In the 1800's Brighton was Boston's Wild West, home of large stockyards and the supplier of Boston's beef. Over two hundred years ago the people of Brighton formed the Brighton Social Library, open to local citizens for a fee. When the town was annexed to Boston in 1874, the Brighton Social Library became a branch of the Boston Public Library. The same year the collection was moved from the Town Hall to a ornate library building named for Brighton notable, James Holton. In 1969 a new Brighton Branch building was opened. The building was designed by Norman C. Fletcher of the Architects Collaborative of Cambridge.
The 22,400 square foot Brighton Branch at 40 Academy Hill Road, reopened in December 2010 after more than 18 months of extensive interior renovations. The City of Boston's Property and Construction Management Department managed this capital project, which updated the mechanical equipment, provided ADA accessibility, improved sightlines, and increased technological capacity.
The renovation of the 1969 building created light-filled spaces with modern furniture, a new teen space with café-style seating, a new community room, and a landscaped yard on Academy Hill Road.

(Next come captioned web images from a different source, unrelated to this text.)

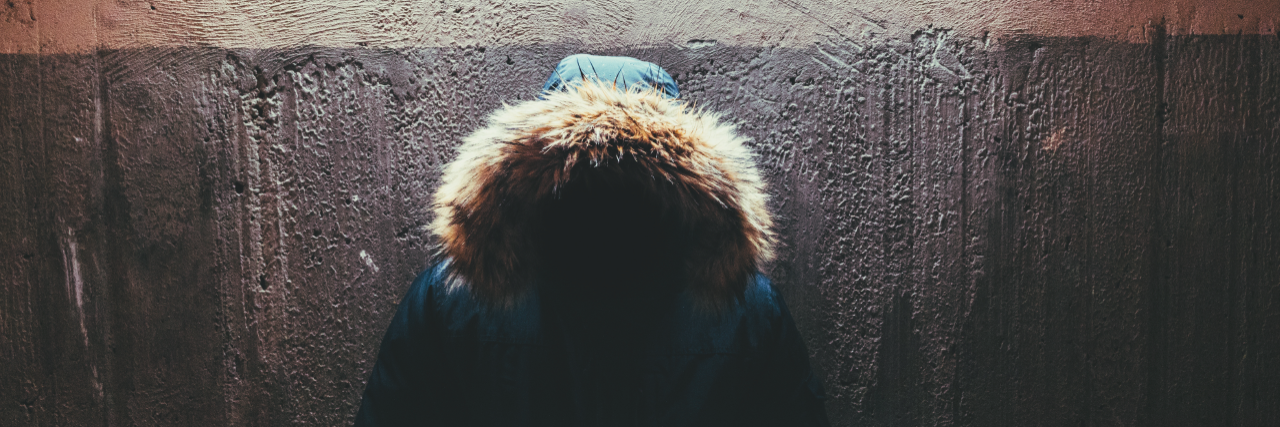 32 Habits of People With Concealed Depression person with hood stands under fluorescent light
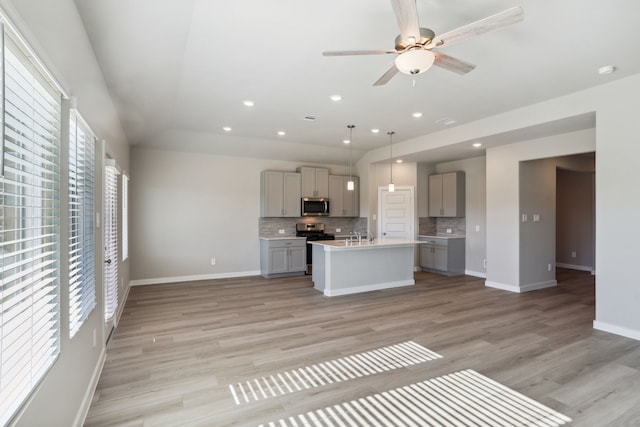 kitchen featuring tasteful backsplash, hanging light fixtures, appliances with stainless steel finishes, gray cabinets, and a kitchen island with sink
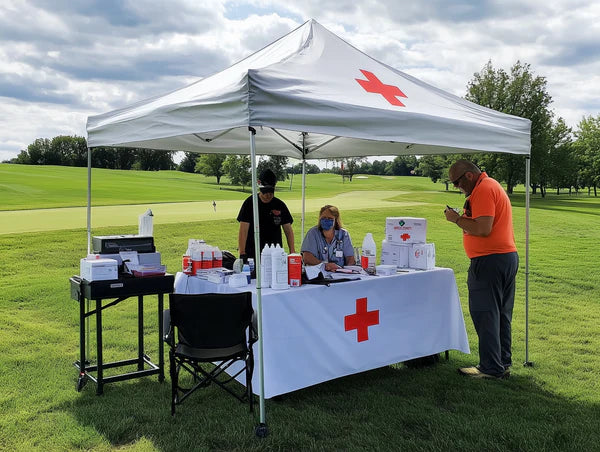 Medical support canopy tent setup with Red Cross branding at outdoor golf tournament event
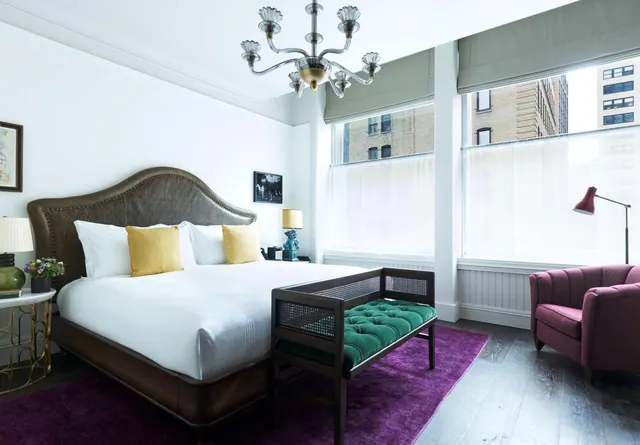 A bedroom with a king bed, a green tufted bench on a purple rug, a pink armchair, and tall windows looking out onto city buildings.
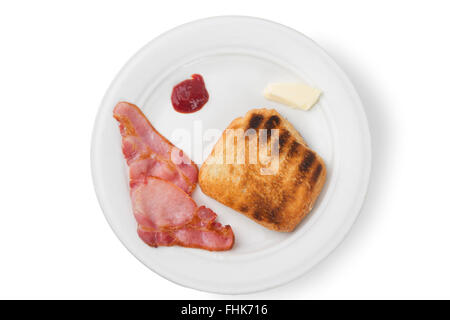 Zwei Speckscheiben Speck und eine Scheibe Toast auf einem Teller mit Butter und Tomaten Ketchup auf einem weißen Hintergrund Stockfoto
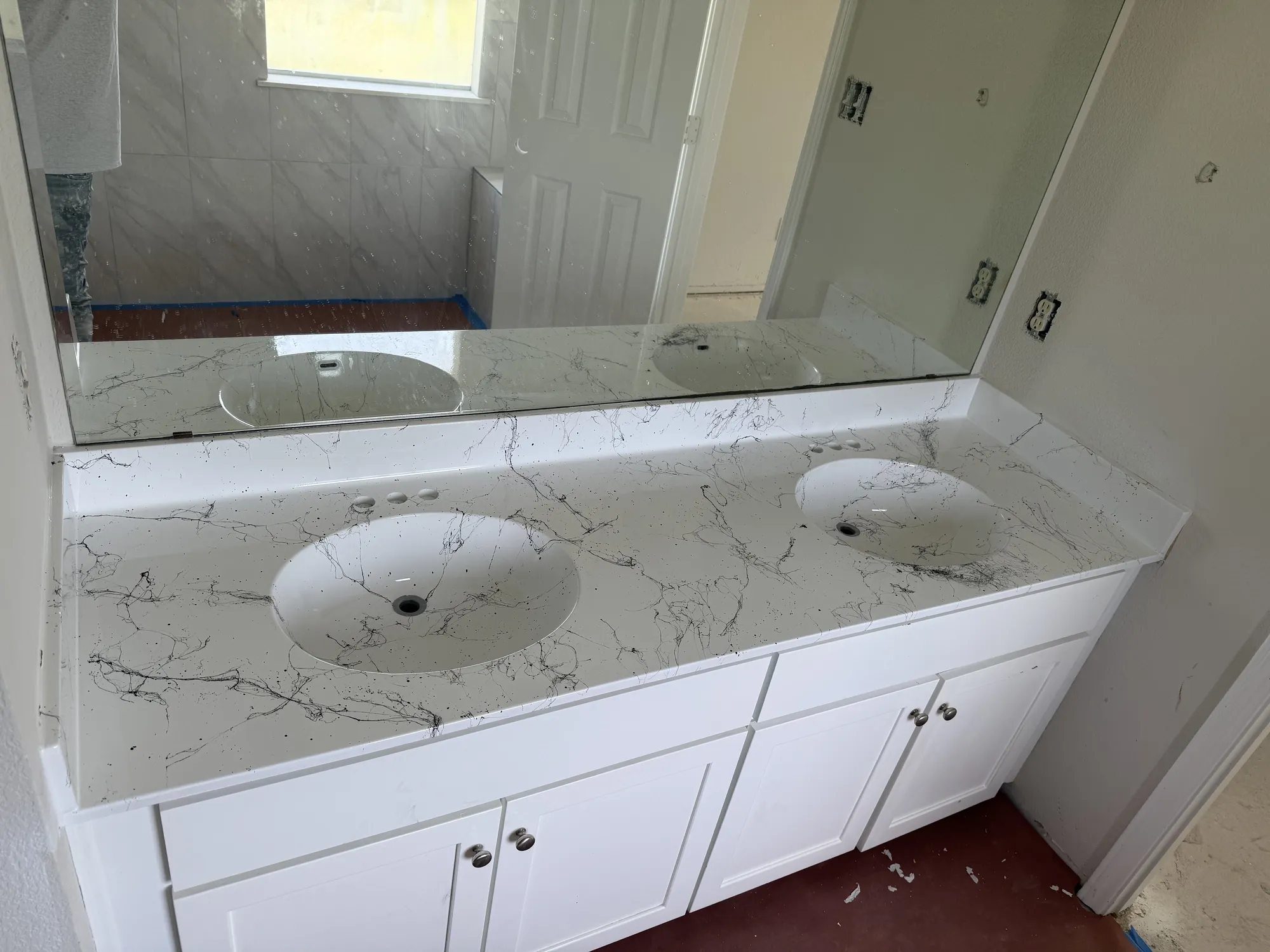 Countertop refinished with a veined marble-look finish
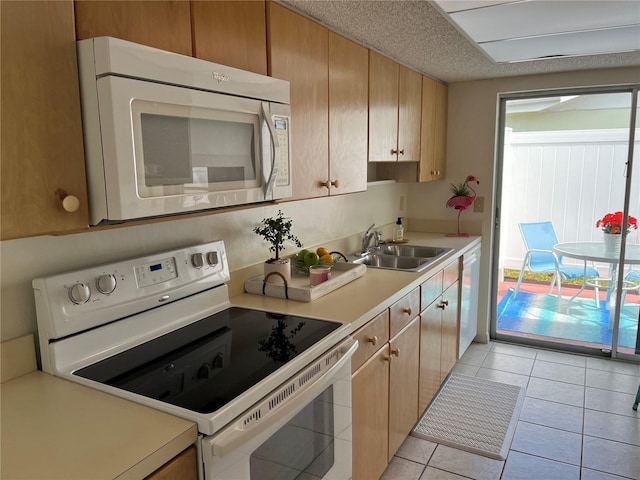 kitchen with sink, white appliances, light tile flooring, and plenty of natural light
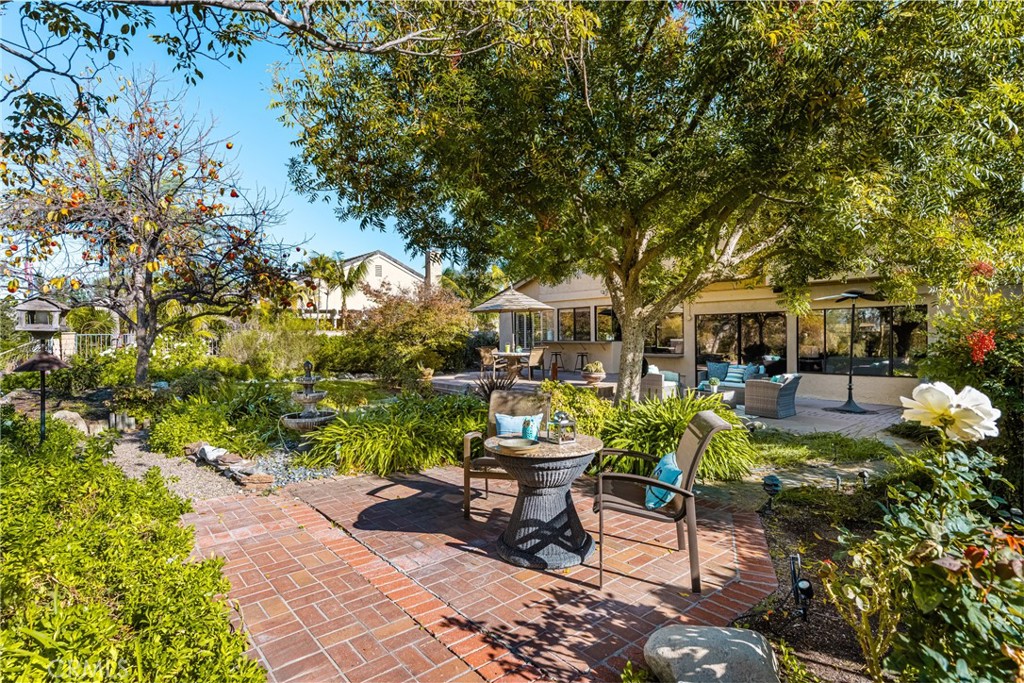 2927 Treeview Place Fullerton, CA 92835 - Photo 36 of 62 a view of a patio with table and chairs potted plants and large tree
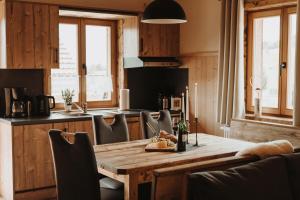 uma cozinha com uma mesa e cadeiras de madeira e uma cozinha com janelas em Oberwald Chalets 1 em Schotten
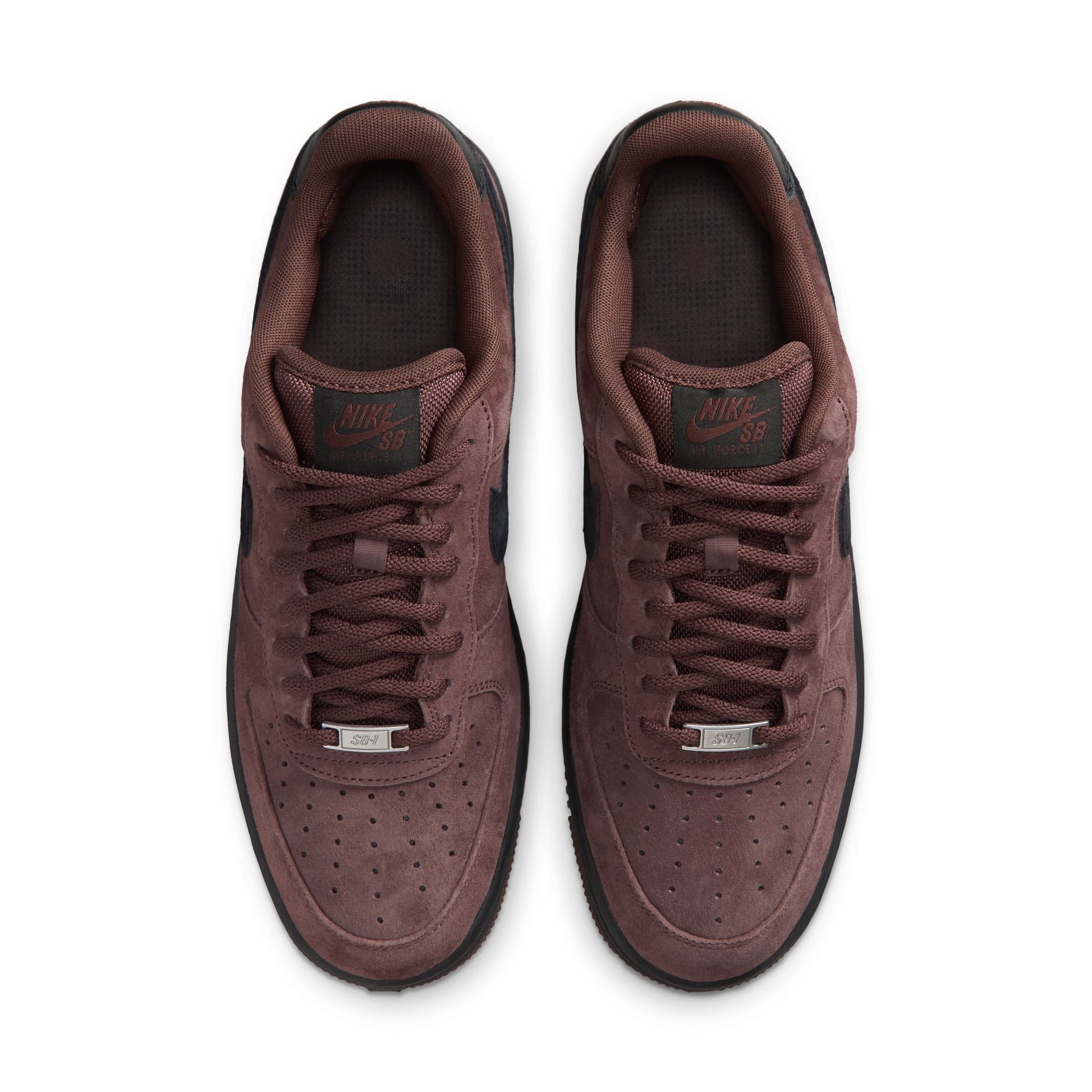 A pair of Nike Air Force 1 Low sneakers in a dark brown suede and leather mix, shown from a top-down view on a white background.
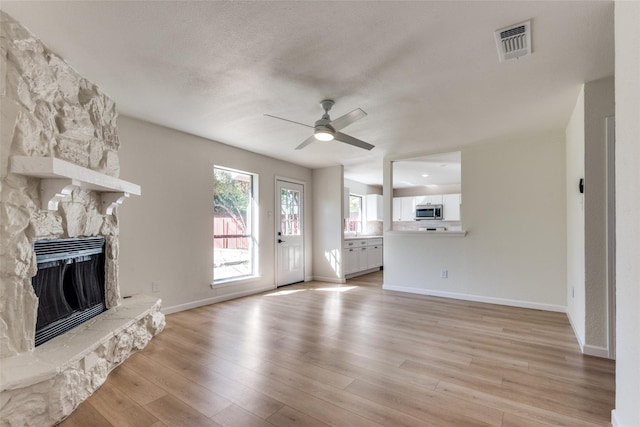 unfurnished living room with ceiling fan, light hardwood / wood-style floors, and a stone fireplace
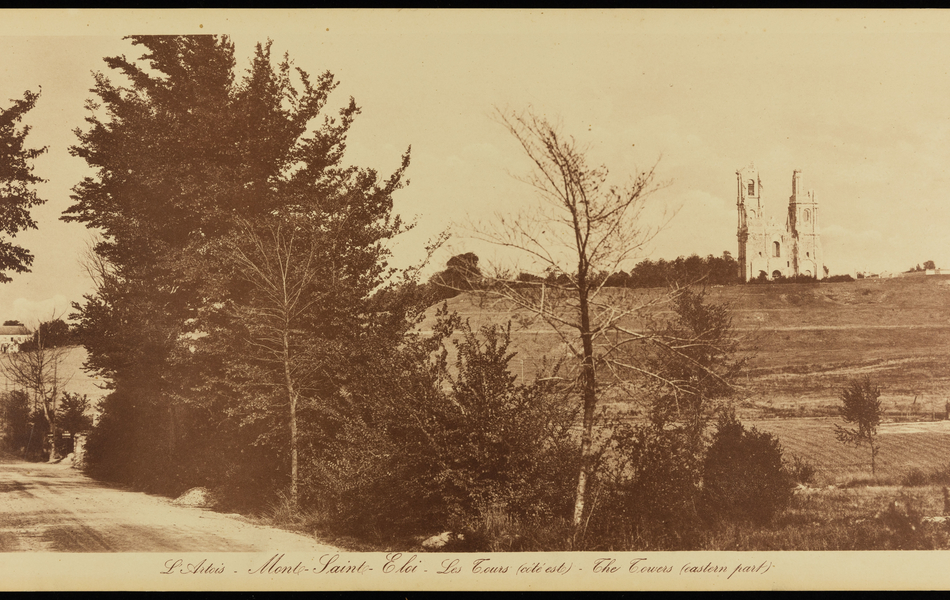 Photographie sépia montrant une route bordant une colline sur laquelle se dresse les ruines de deux tours.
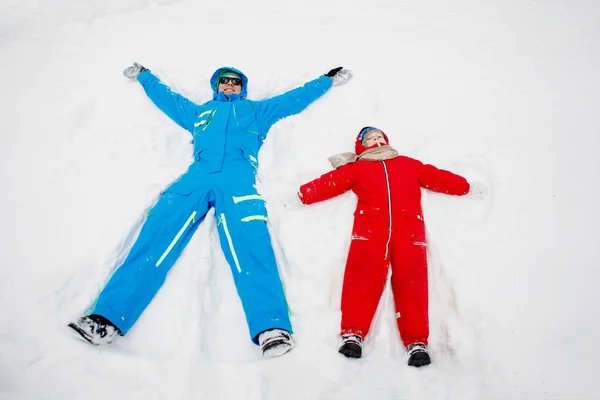 Snow Angel. Dad and son in winter red and blue clothes lie in the snow. Selective focus, blurred background.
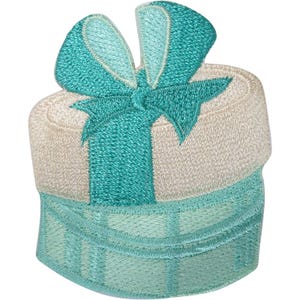 May include: An embroidered patch shaped like a round gift box. The base of the box is a light teal colour with a grid pattern, while the lid is a cream colour. A prominent, textured teal ribbon and bow are stitched across the top of the box.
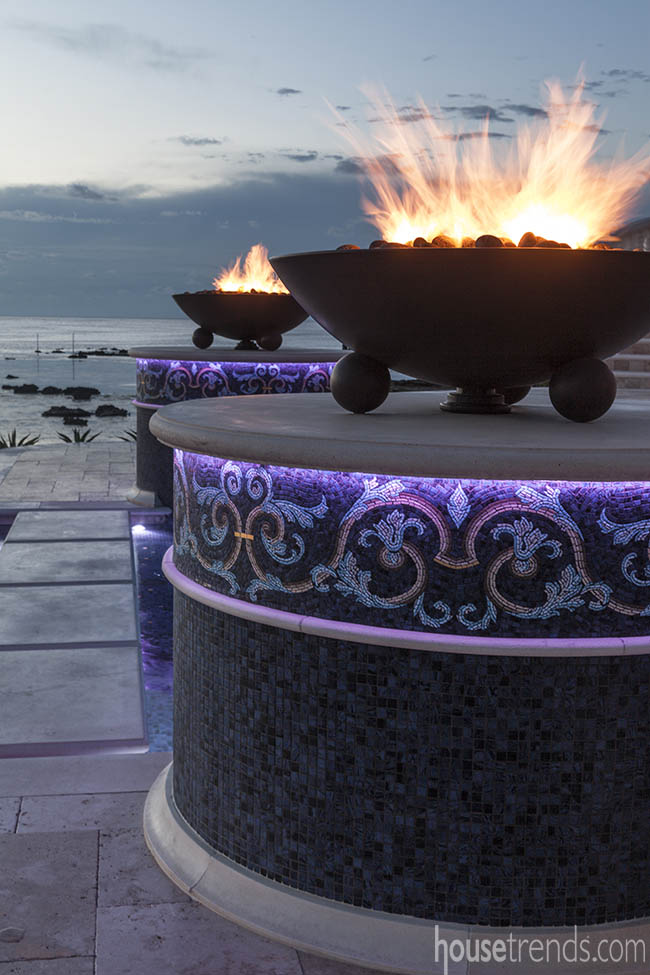 Fire features light up a back yard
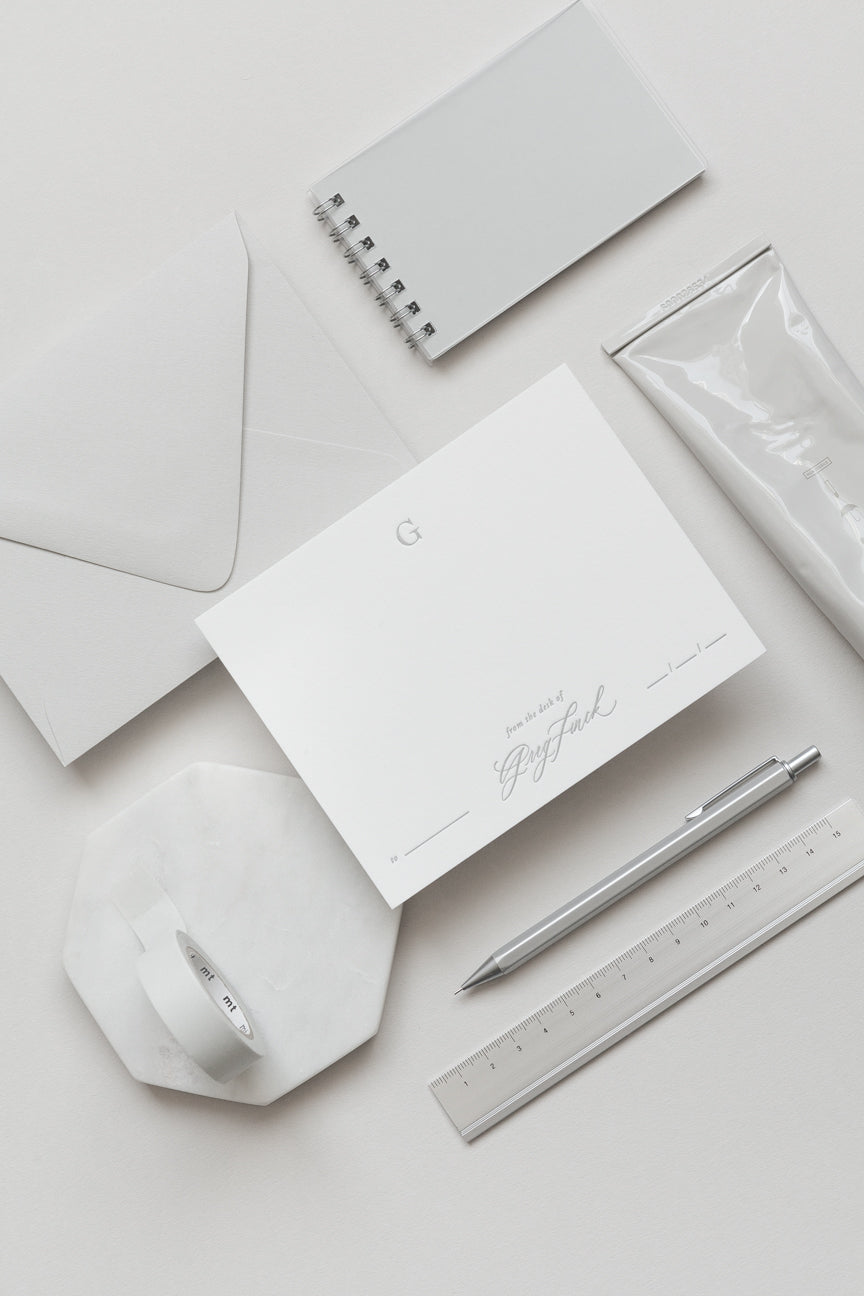 Minimal personalized stationery with envelope, card, pen and ruler in soft neutral tones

Visitors can also take advantage of more than 20 new computers for all ages.
The Brighton Branch of the Boston Public Library earned LEED® Silver Certification established by the U.S. Green Building Council and verified by the Green Building Certification Institute. The Brighton Branch is one of the first renovated City of Boston buildings to incorporate the U.S. Green Building Council's LEED (Leadership in Energy & Environmental Design) Commercial Interiors guidelines.
The branch holds a very good collection on local history, including a display of photographs from the archives of the Brighton Allston Historical Society, and oral histories of Brighton residents that will soon be available online. In addition to a comprehensive basic collection, the branch holds a large collection of large-print materials. There are also Russian and Spanish reading materials, and an impressive audiovisual collection — DVDs, CDs and more.